Baca juga: Future Financial Festival sasar milenial melek ekonomi dan investasi

Ia menenggarai dengan semakin banyaknya generasi muda yang melek investasi membuat nilai transaksi terus meningkat.

Early menyebutkan dilihat dari aspek demografi para investor pasar modal di Sumbar didominasi oleh pelajar dan mahasiswa dengan jumlah mencapai 7.100 orang dengan rentang usia 18-25 tahun.

"Artinya 80 persen investor di Sumbar usianya berada di bawah 40 tahun," katanya.

Sementara dari sisi gender investor di Sumbar mayoritas pria dengan perbandingan 10.400 dan perempuan 9.200.

Untuk jumlah aset saham berdasarkan usia 18-25 tahun telah mencapai Rp15 miliar.

Sedangkan untuk aset nonsaham telah mencapai Rp18 miliar, ujarnya.

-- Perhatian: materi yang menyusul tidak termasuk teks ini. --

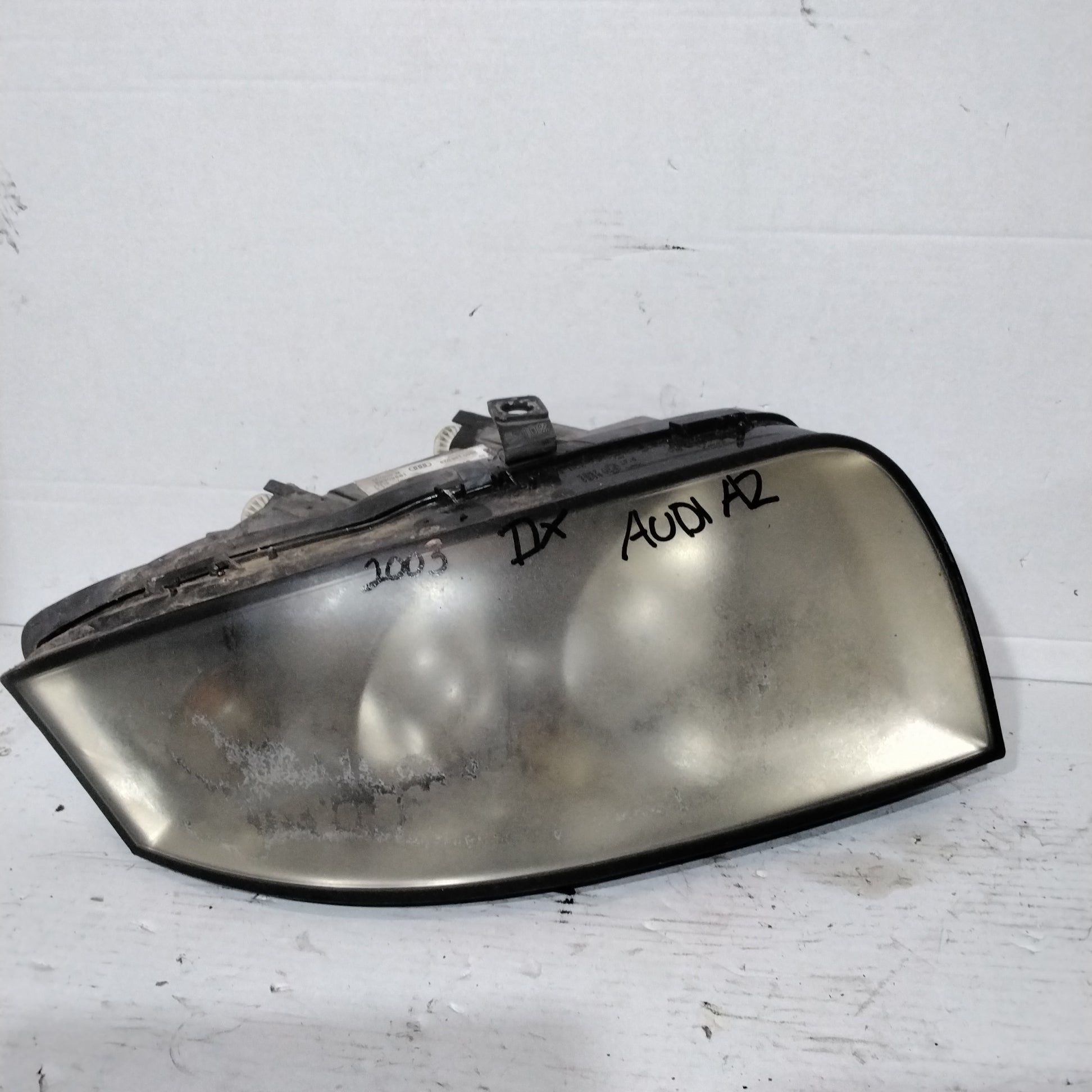 Audi A2 2003 right headlight/taillight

Ia menyampaikan salah satu yang diminati untuk berinvestasi berupa sukuk wakaf yang jika dibeli maka keuntungannya dalam bentuk wakaf.

Terkait dengan kondisi pertumbuhan ekonomi yang tumbuh minus dalam dua triwulan terakhir ia menilai tidak berpengaruh terhadap minat orang menanamkan uang di pasar modal.

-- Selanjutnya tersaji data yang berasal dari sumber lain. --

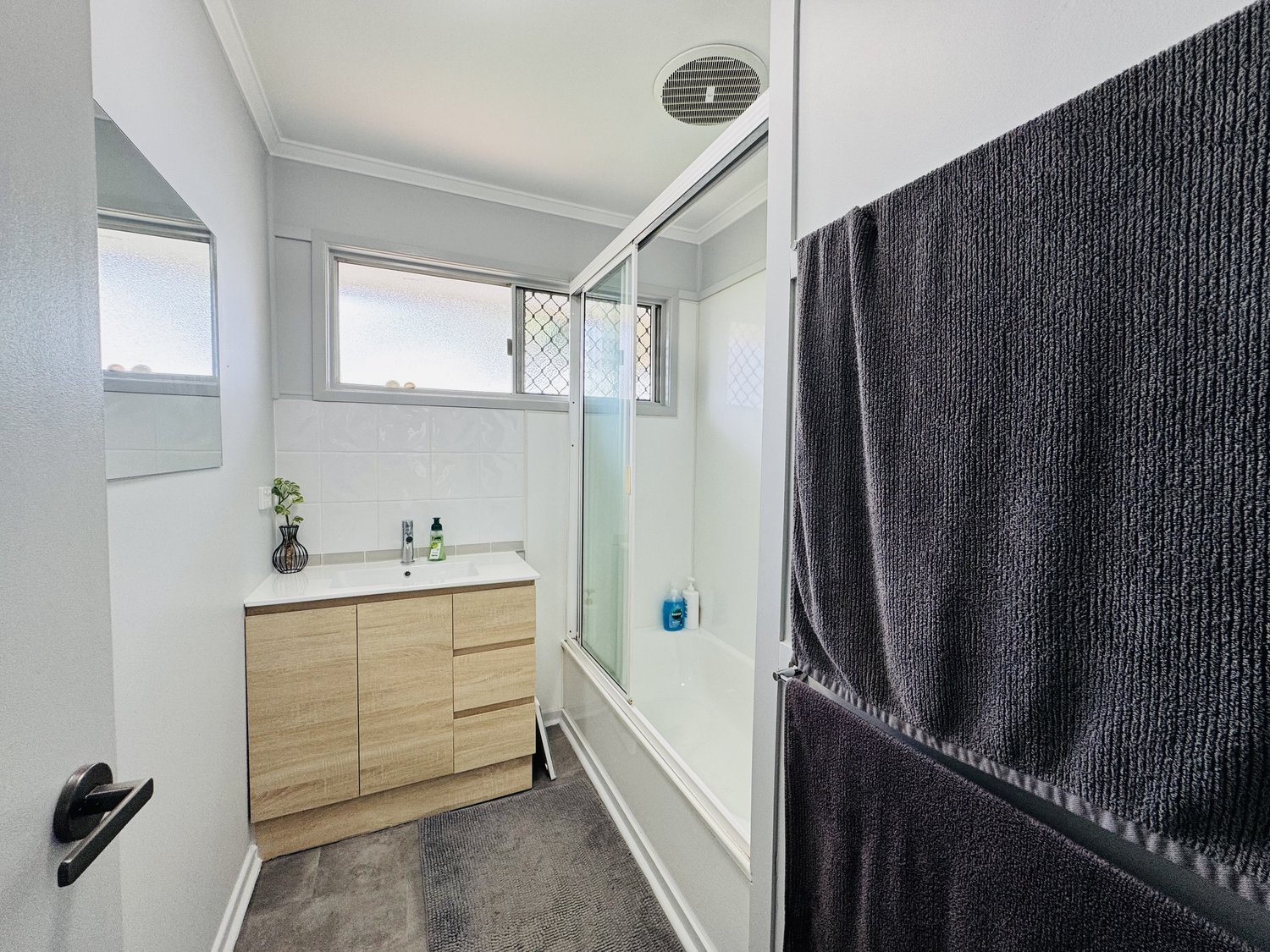 16 LAWRENCE Street, Moranbah Sold by Infinity Property Specialists - image 8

Ketika pasar semakin baik, pengawasan ketat maka orang akan semakin percaya bursa akan semakin antusias, katanya.

Ia menilai ini tidak lepas dari edukasi dan pengawasan yang dilakukan OJK hingga dukungan dari pemerintah yang membuat produk investasi yang sesuai dengan kebutuhan anak muda.

Selain itu selama pandemi pihaknya tetap menyelenggarakan Sekolah Pasar Modal yang digelar secara daring sebagai upaya pencegahan COVID-19.

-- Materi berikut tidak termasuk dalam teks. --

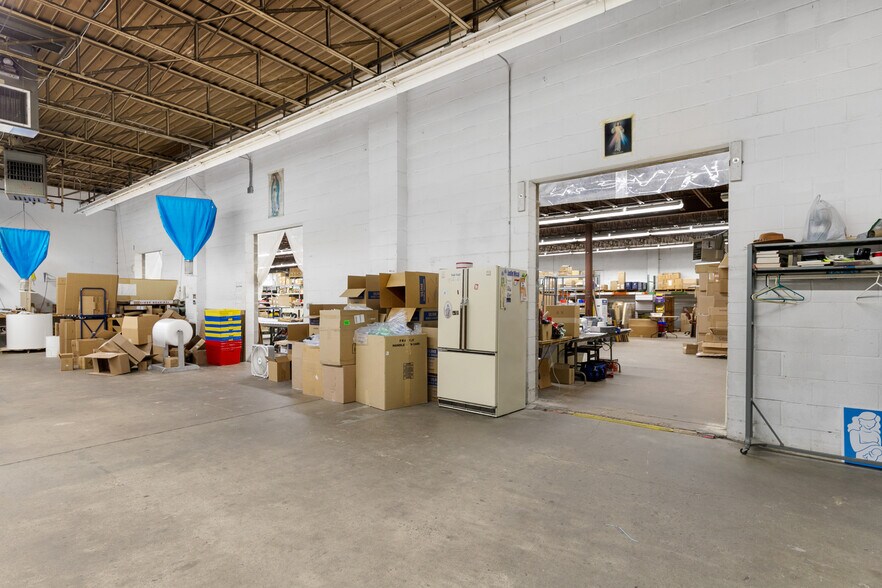 More Photos Of 976 W Minnehaha Ave, Saint Paul Warehouse For Sale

Ia menyebutkan pada tahun ini telah menggelar 39 kali Sekolah Pasar Modal dengan total peserta mencapai 880 orang.

Berdasarkan data yang dihimpun dari Otoritas Jasa Keuangan perwakilan Sumatera Barat kinerja industri pasar modal di Sumbar relatif baik di tengah pandemi.

Sepanjang tahun 2020 jumlah Single Investor Identification mencapai 19.600 dengan transaksi kumulatif hingga Agustus 2020 mencapai Rp4,75 triliun, volume transaksi 9.232,14 juta saham dengan frekuensi transaksi 1,1 juta kali.